CAIRO (Reuters) - Egypt’s top military council gave the army chief, Field Marshal Abdel Fattah al-Sisi, a green light on Monday to seek election as president, a vote he is almost sure to win with Egyptians weary of turmoil unleashed by a pro-democracy uprising in 2011.
Sisi deposed elected Islamist President Mohamed Mursi in July after mass unrest over his increasingly arbitrary and erratic rule, kindling political chaos and security crackdowns on dissent in the Arab world’s most populous nation.
He has since taken on almost cult-like popularity in Egypt with many seeing him as a decisive figure able to stabilize a country that has lurched from one economically ruinous crisis to another since the 2011 overthrow of autocrat Hosni Mubarak.
“(The Supreme Council of the Armed Forces) is looking forward with respect and reverence to the desire of the huge masses of the great Egyptian people in the nomination of...Abdel Fattah al-Sisi for the presidency of the republic, which it considers a mandate and an obligation,” the military high command said in a statement.
“The top army officials all okayed Sisi running for the presidency,” said a security source. The 59-year-old career officer is expected to announce his candidacy within days.
Hours before top generals approved Sisi contesting the election, the presidency announced he had been promoted to field marshal from general, in what security officials said was a sign he is about to declare his candidacy for the presidency.

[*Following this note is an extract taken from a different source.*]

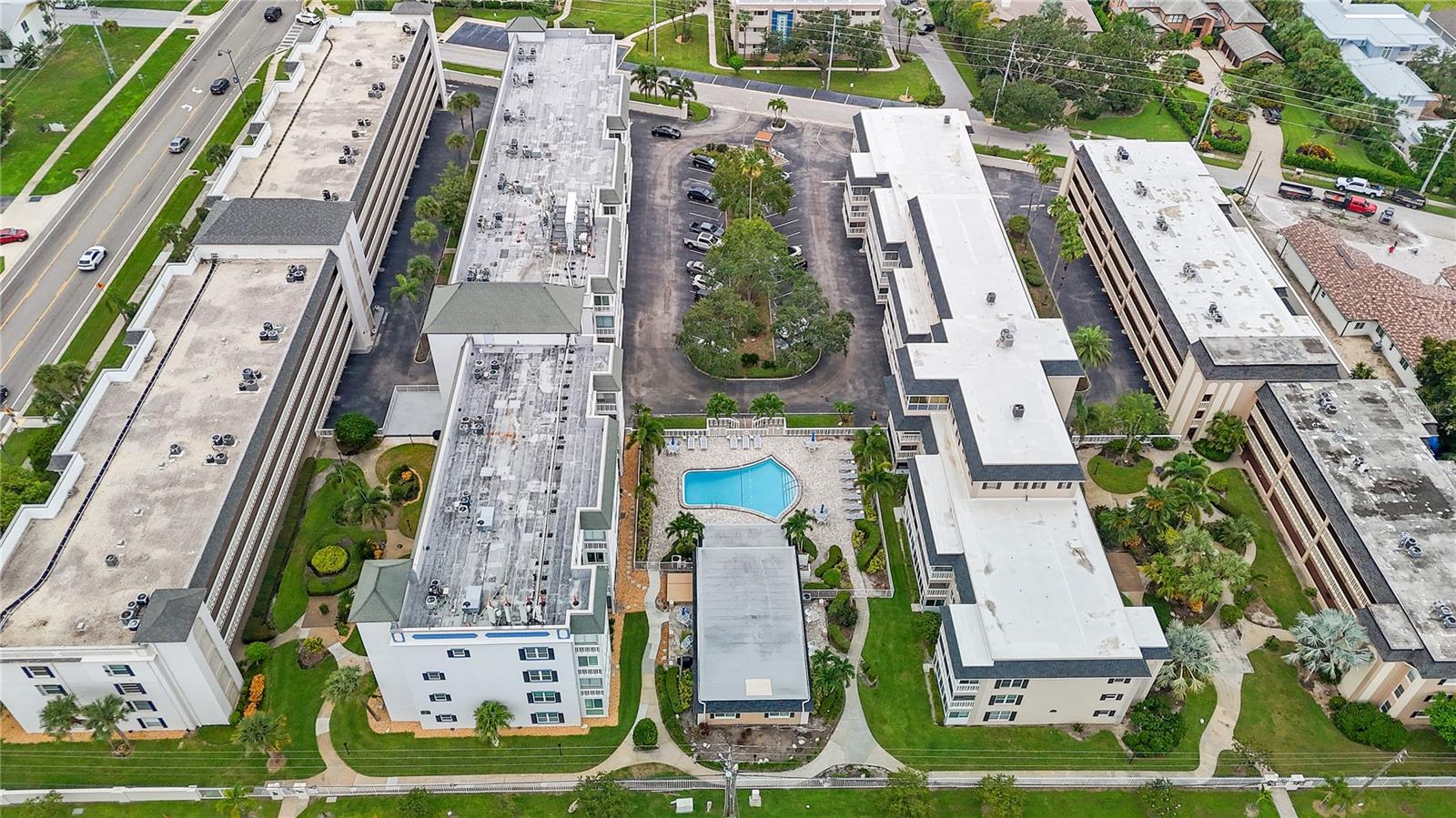 PORT BELLEAIR 4 CONDO - Residential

“The decision was expected and it is the first step before the resignation of the general and his candidacy announcement, which is now expected very soon,” said a security official.
In order for Sisi to contest the election, he has to resign from his post as defense minister and from the military.

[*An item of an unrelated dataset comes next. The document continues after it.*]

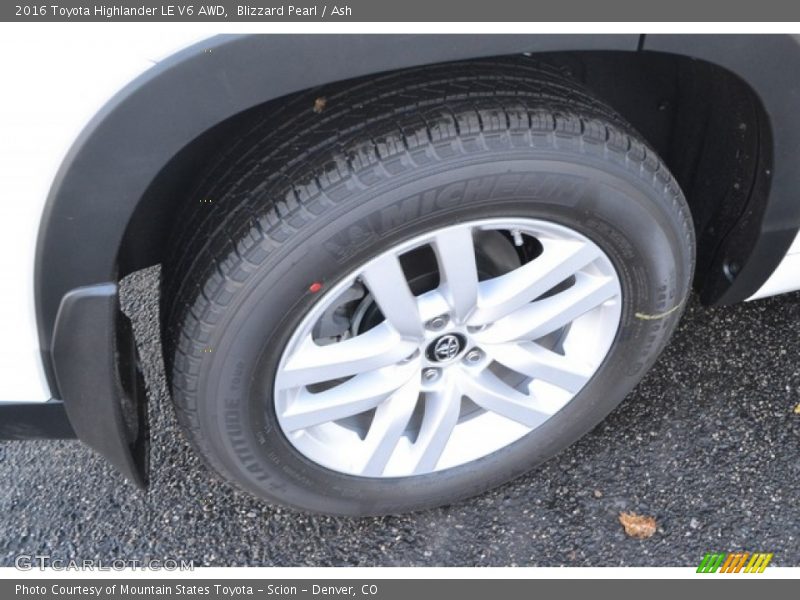 Blizzard Pearl / Ash 2016 Toyota Highlander LE V6 AWD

After toppling Mursi, Sisi unveiled a political roadmap that promised free and fair elections in Egypt, which is of great strategic importance because of its 1979 peace treaty with Israel and control of the Suez Canal.
But despite his popularity, Sisi has no pedigree as a democrat and has shown himself willing to apply deadly force against those who disagree with him.
The Muslim Brotherhood accuses him of staging a coup by effectively putting Egyptian government back under the domination of the military as it was before Mubarak’s exit and aborting its professed transition to democracy.
The Brotherhood holds Sisi responsible for what it says are widespread human rights abuses in a security crackdown that has killed nearly 1,000 Islamists. Top Brotherhood leaders including Mursi are all in jail and facing trial.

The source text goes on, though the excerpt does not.